As explained above, the automatic wiring method of the present invention organically links the route search algorithm and the connection order of pin pairs, and can efficiently perform tear-off and re-wiring processes, making it possible to perform peel-off and re-wiring processes more efficiently than conventional rip-up. It can process faster than a router. In addition, the amount of memory used is considerably less than that of the conventional method.

Furthermore, with a conventional rip-up router, a group of pin pairs that failed even after stripping and rewiring could be reconnected by a procedure of gradually increasing the stripping level and a procedure of rearranging the stripped pin pairs and attempting to connect them. It has the effect of increasing the possibility of success. In addition, providing a failure cause pointer when attempting rewiring has the effect of preventing an infinite loop and making it possible to stop the rewiring attempt with minimal processing.

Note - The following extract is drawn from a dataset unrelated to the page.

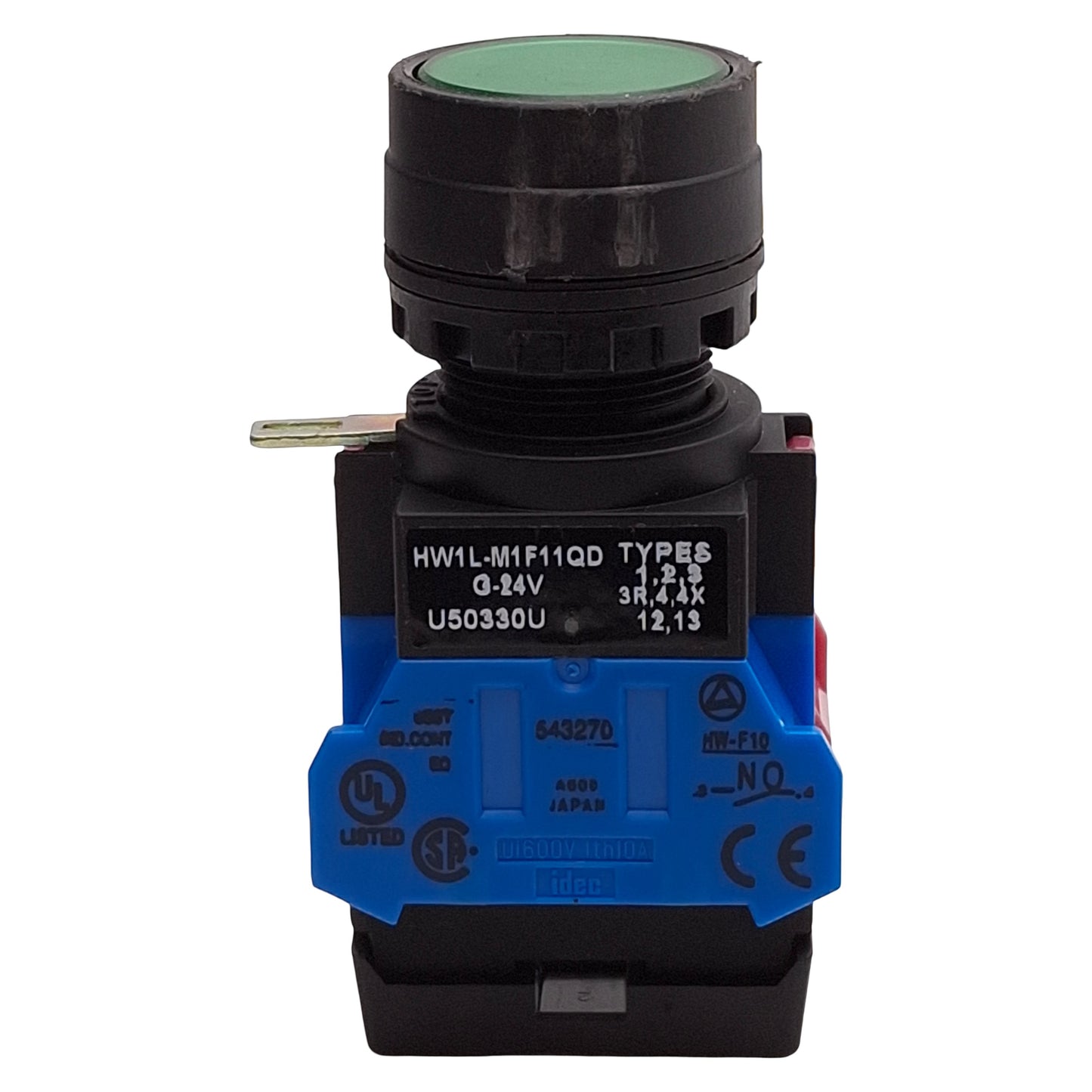 Used Idec HW1L-M1F11QD-G-24V Green Momentary Illuminated Pushbutton, 1NO+1NC, 24VDC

[Brief explanation of drawings]

FIG. 1 is a flowchart of an embodiment of the present invention, FIG. 2 is a diagram showing an example of four pin pairs and wiring areas to be connected, and FIGS. 3 to 9 show an example of the embodiment of FIG. 1. 2 is a wiring diagram showing the processing process when applied to the wiring connection, FIG. 10 is a diagram for explaining the mechanism for suppressing the infinite loop of the present invention, and FIGS. 11 and 12 are diagrams showing the process in the conventional automatic wiring method. 13 to 16 are diagrams illustrating failure examples and are diagrams for explaining the algorithm of the conventional climb-up method. 1.4,6. ~12...Pin pair, 5...
...Wiring area, 13, 14, 17.18...Pin, 15.16...Ripple arrival area. Agent Patent Attorney Uchihara Oto No. 1 Figure (a-) Figure 1 (b) 1977 (C) Figure 1 (4) Figure 1 (e) Ip 2) 3) 4: Pin Father A No. 2
Figure 3: Figure 4: Figure 5: Figure 7: Figure 8: Figure q (C): BAC Taku lθ Ward

Claims (1)

[Claims] A pre-processing process that arranges a given group of pin pairs to be connected in order of those closest to a given direction in the wiring area, and a first process that searches for a route along the aforementioned direction as much as possible in the order that is rearranged by this pre-processing process. When the route search fails in this first process, the second process re-executes the failed route search while tearing off the pin pair that has been connected so far, and if the second process also fails. a third process in which the route search is repeated while gradually increasing the number of pin pairs to be torn off; and a fourth process in which the order of wiring is locally changed as the number of pin pairs to be torn out increases through this third process. , a fifth process for providing a pointer indicating a situation in which the order has been swapped, if the connection of the pin pair is locally successful due to the change in the wiring order by the fourth process;
An automatic wiring method characterized by comprising a sixth process of tracing a pointer when changing the order of wiring in the fourth process and abandoning the connection if a loop state occurs.